YOUR INSTRUCTIONS: Starting at the line with "Tikamoon Vaisseliers Vaisselier" and going on through the line with "Meridian Furniture 852Natural-NS", reproduce each line in the records below exactly and nothing more.

Short web captions:

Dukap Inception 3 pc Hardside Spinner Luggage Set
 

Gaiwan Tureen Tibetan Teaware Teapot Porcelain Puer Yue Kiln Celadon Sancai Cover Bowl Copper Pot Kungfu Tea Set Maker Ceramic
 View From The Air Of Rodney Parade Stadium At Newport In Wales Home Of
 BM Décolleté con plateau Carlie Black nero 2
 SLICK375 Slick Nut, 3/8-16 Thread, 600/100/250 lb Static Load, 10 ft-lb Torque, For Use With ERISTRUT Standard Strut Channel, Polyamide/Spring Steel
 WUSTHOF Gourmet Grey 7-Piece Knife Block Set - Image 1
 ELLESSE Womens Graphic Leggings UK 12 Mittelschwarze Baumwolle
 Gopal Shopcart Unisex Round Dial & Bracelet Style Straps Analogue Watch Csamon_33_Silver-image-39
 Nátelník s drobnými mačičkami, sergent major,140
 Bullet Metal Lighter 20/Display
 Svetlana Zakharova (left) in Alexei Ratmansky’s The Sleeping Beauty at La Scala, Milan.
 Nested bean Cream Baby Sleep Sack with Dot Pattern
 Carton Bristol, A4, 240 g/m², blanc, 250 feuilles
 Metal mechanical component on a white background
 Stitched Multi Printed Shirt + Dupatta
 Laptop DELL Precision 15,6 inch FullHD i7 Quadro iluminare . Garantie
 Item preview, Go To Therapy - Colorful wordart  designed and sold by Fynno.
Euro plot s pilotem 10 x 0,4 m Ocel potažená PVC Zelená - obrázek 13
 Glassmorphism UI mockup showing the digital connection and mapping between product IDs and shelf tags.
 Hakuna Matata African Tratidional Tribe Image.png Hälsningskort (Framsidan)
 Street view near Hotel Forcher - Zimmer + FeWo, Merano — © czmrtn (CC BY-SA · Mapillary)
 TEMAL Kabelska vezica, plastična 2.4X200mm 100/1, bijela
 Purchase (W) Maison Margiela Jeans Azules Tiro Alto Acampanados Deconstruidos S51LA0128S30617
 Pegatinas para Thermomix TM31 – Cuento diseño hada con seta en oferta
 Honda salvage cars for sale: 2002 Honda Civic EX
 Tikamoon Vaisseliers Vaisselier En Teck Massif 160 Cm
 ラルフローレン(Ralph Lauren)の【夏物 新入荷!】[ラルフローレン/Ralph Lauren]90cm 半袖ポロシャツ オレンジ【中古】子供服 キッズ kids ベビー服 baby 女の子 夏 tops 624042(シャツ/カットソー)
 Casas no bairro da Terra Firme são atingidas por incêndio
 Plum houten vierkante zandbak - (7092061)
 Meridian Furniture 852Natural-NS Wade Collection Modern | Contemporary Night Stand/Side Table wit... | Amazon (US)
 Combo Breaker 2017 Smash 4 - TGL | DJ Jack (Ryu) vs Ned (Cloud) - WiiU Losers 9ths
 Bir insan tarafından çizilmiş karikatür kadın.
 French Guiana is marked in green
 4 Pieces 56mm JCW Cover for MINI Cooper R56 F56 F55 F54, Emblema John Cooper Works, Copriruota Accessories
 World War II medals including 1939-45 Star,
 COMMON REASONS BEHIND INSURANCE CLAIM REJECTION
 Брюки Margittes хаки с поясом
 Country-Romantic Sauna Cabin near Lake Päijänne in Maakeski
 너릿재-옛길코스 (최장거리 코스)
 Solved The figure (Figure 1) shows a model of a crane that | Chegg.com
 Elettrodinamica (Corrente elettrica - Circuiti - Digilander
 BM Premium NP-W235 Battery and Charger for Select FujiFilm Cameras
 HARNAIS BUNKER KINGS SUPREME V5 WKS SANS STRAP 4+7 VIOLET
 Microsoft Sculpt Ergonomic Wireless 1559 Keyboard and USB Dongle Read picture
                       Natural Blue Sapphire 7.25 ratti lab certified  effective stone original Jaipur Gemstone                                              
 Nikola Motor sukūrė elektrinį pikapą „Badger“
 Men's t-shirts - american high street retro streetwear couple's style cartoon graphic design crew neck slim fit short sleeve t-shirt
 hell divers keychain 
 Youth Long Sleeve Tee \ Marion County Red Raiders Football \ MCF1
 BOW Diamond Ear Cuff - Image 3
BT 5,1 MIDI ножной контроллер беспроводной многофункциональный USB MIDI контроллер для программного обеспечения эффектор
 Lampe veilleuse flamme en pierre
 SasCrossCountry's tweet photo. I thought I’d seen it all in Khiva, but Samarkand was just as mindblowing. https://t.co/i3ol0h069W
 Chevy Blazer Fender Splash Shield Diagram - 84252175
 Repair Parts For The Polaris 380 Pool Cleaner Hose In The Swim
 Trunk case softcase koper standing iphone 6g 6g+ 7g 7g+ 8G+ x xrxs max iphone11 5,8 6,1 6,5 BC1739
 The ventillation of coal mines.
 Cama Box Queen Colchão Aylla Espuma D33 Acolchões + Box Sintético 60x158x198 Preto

SOLUTION TO THIS TASK:
 Tikamoon Vaisseliers Vaisselier En Teck Massif 160 Cm
 ラルフローレン(Ralph Lauren)の【夏物 新入荷!】[ラルフローレン/Ralph Lauren]90cm 半袖ポロシャツ オレンジ【中古】子供服 キッズ kids ベビー服 baby 女の子 夏 tops 624042(シャツ/カットソー)
 Casas no bairro da Terra Firme são atingidas por incêndio
 Plum houten vierkante zandbak - (7092061)
 Meridian Furniture 852Natural-NS Wade Collection Modern | Contemporary Night Stand/Side Table wit... | Amazon (US)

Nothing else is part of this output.